Recorded data -

=== Section Start ===

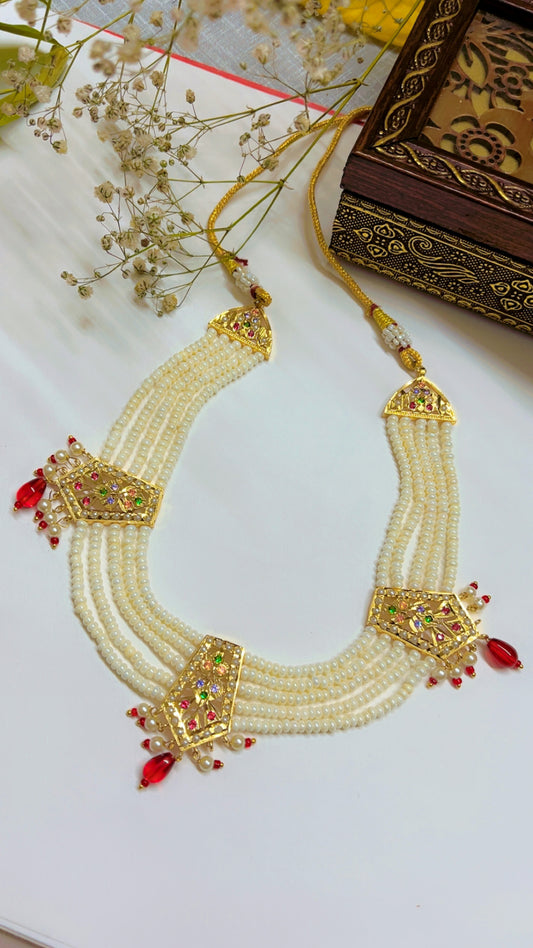 Taisha Pearl Neckpiece Set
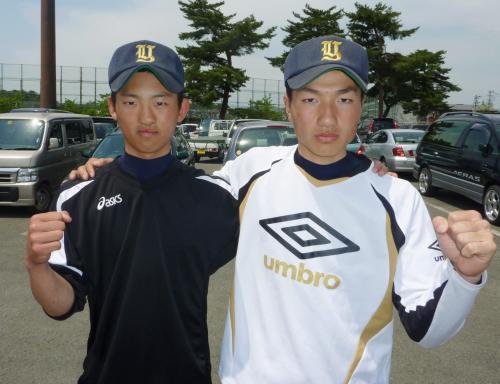 夏の大会は必ず勝ちたいと話す県立山田高野球部の菊地由樹君（左）と千代川知君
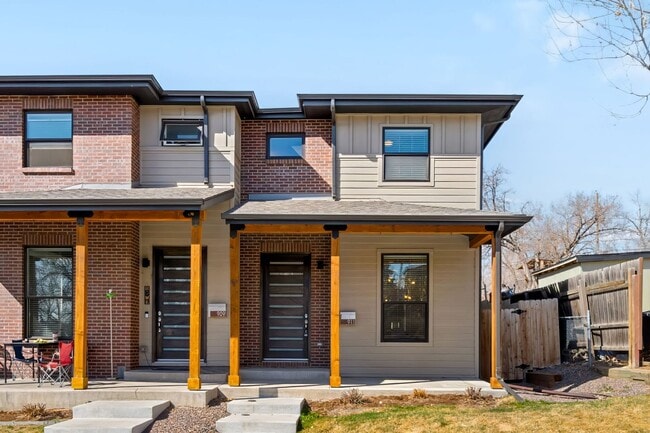 Building Photo - Spacious 5-Bedroom Duplex in Denver Near Sloan’s Lake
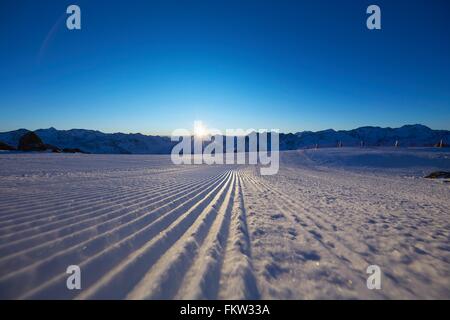 Schneebedeckte Feld und Sonnenuntergang über Berge, Gaislachkogel, Sölden, Tirol, Österreich Stockfoto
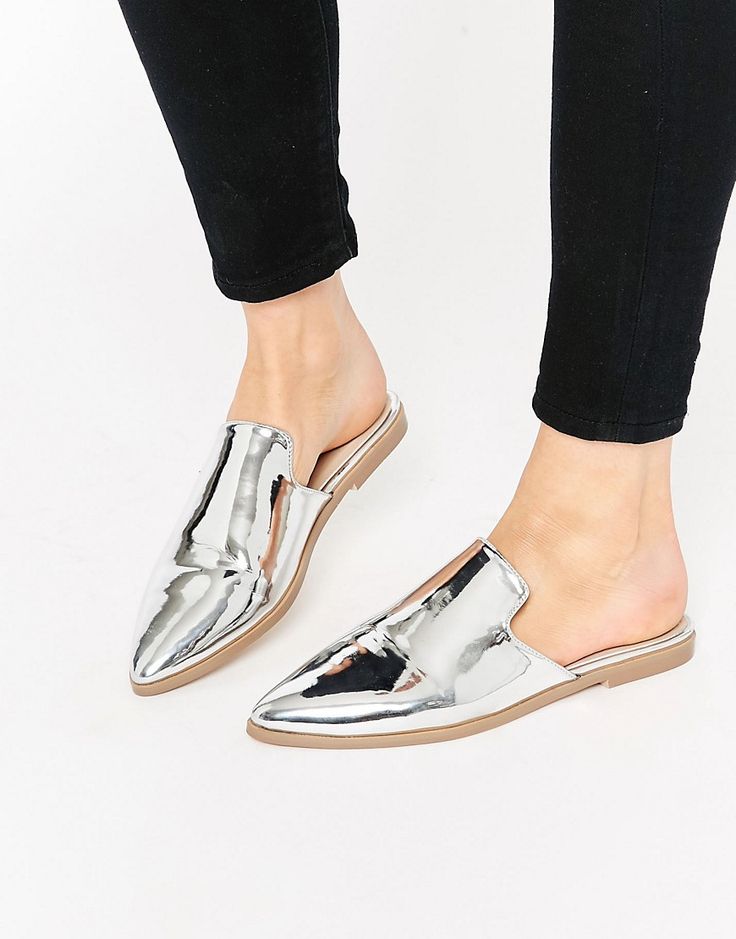 7 Things You Shouldn’t Have in Your Closet After 30, plastic flip flops, silver mules with jeans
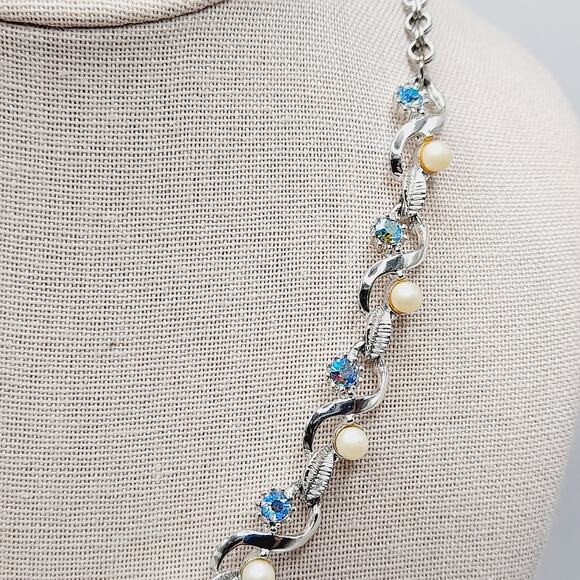 Vintage AB Rhinestone Faux Pearl Choker Necklace 18 Inch - Picture 6 of 9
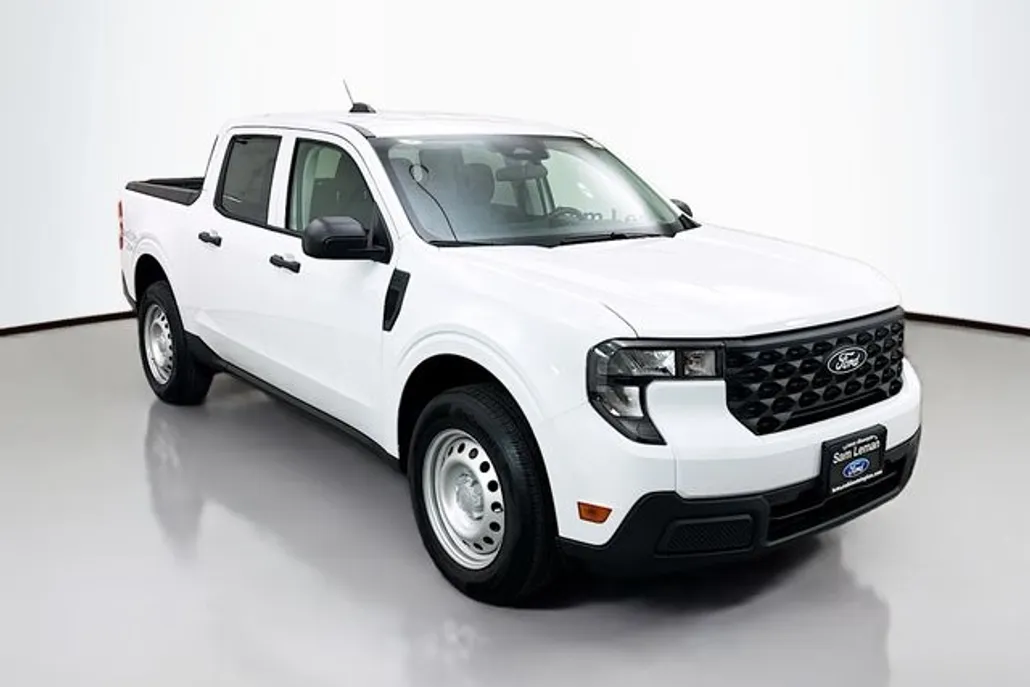 2025 Ford Maverick XL photo 1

=== Section End ===

Exercise aim - What should be set down is every line from the opening of the records through the line that contains "Schneebedeckte Feld und", exactly, with pictures left out.

Solution to this problem -
 Taisha Pearl Neckpiece Set
 夏の大会は必ず勝ちたいと話す県立山田高野球部の菊地由樹君（左）と千代川知君
 Building Photo - Spacious 5-Bedroom Duplex in Denver Near Sloan’s Lake
 Schneebedeckte Feld und Sonnenuntergang über Berge, Gaislachkogel, Sölden, Tirol, Österreich Stockfoto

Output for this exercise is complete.